## Assignment
Every line below needs to be transcribed without alteration, and no image may be carried over.
___
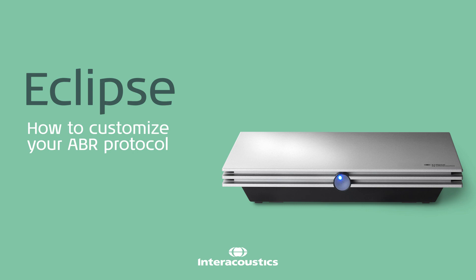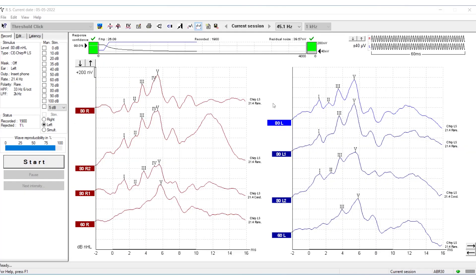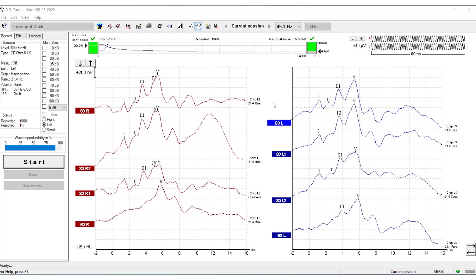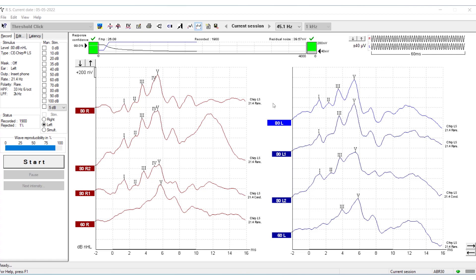How to customize your ABR protocols. This is how you can make temporary and permanent changes to your Eclipse test protocol.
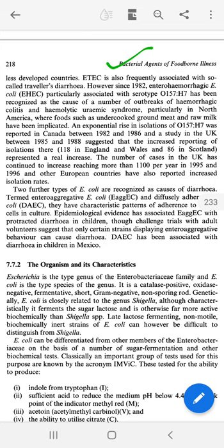Another classification is by Serotypes, which we identify using O and H antigens. In addition to this, two further types which are causes of diarrhea are Entero-aggregative E. coli and Diffuse-aggregative E. coli.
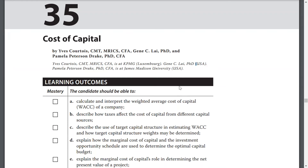The candidate should be able to calculate and interpret the weighted average cost of capital of a company, describe how taxes affect the cost of capital from different capital sources, describe the use of target capital structure in estimating WACC, and how target capital structure weights may be determined.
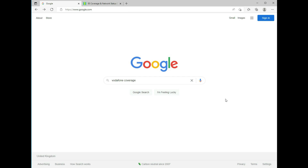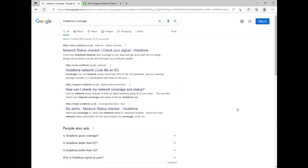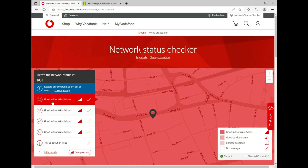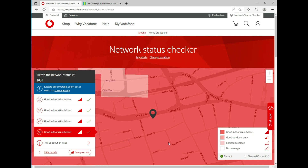Here's an example using Vodafone UK. Go to Google and search 'Vodafone coverage', then hit enter. The first result is a network status checker — click on that. It takes you to the coverage map where you enter a location. Let's type RG1, which is the postcode for Reading in the UK, and hit enter. On the left side you can choose which technology to check coverage for — indoors or outdoors — with options for 2G, 3G, 4G, and 5G. This is how you use network coverage maps.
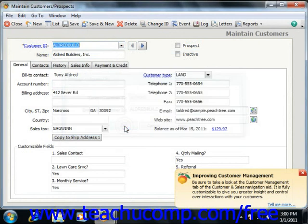Note that if you do this, all transactions associated with the old code will change to reflect the new code, both old and new transactions.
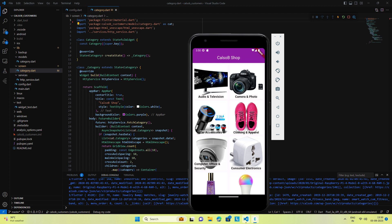Today I am going to start a video series to convert a WooCommerce shop to a Flutter mobile app. In part 1 of this video, I will create a beautiful category screen by fetching all top level categories from our online shop.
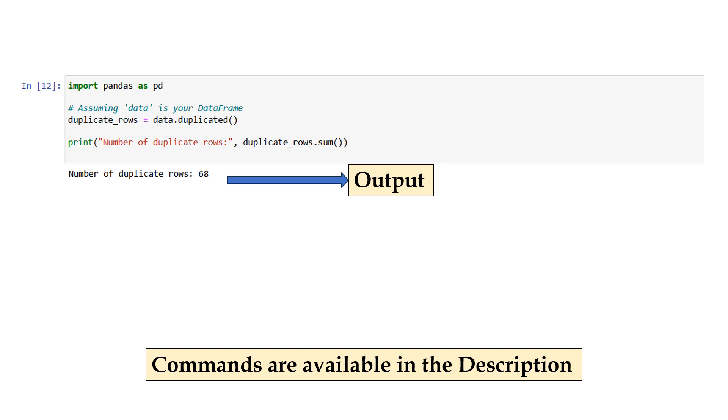Here's an example. Import pandas as pd. This line imports the Pandas library and assigns it the alias pd, allowing us to use Pandas functions and classes. duplicate_rows equals data.duplicated. This line creates a Boolean series called duplicate_rows by applying the duplicated method on the dataframe data. The duplicated method identifies duplicate rows and marks them as true in the Boolean series. Print number of duplicate rows, duplicate_rows.sum.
___
## Response to this exercise
How to customize your ABR protocols. This is how you can make temporary and permanent changes to your Eclipse test protocol.
Another classification is by Serotypes, which we identify using O and H antigens. In addition to this, two further types which are causes of diarrhea are Entero-aggregative E. coli and Diffuse-aggregative E. coli.
The candidate should be able to calculate and interpret the weighted average cost of capital of a company, describe how taxes affect the cost of capital from different capital sources, describe the use of target capital structure in estimating WACC, and how target capital structure weights may be determined.
Here's an example using Vodafone UK. Go to Google and search 'Vodafone coverage', then hit enter. The first result is a network status checker — click on that. It takes you to the coverage map where you enter a location. Let's type RG1, which is the postcode for Reading in the UK, and hit enter. On the left side you can choose which technology to check coverage for — indoors or outdoors — with options for 2G, 3G, 4G, and 5G. This is how you use network coverage maps.
Note that if you do this, all transactions associated with the old code will change to reflect the new code, both old and new transactions.
Today I am going to start a video series to convert a WooCommerce shop to a Flutter mobile app. In part 1 of this video, I will create a beautiful category screen by fetching all top level categories from our online shop.
Here's an example. Import pandas as pd. This line imports the Pandas library and assigns it the alias pd, allowing us to use Pandas functions and classes. duplicate_rows equals data.duplicated. This line creates a Boolean series called duplicate_rows by applying the duplicated method on the dataframe data. The duplicated method identifies duplicate rows and marks them as true in the Boolean series. Print number of duplicate rows, duplicate_rows.sum.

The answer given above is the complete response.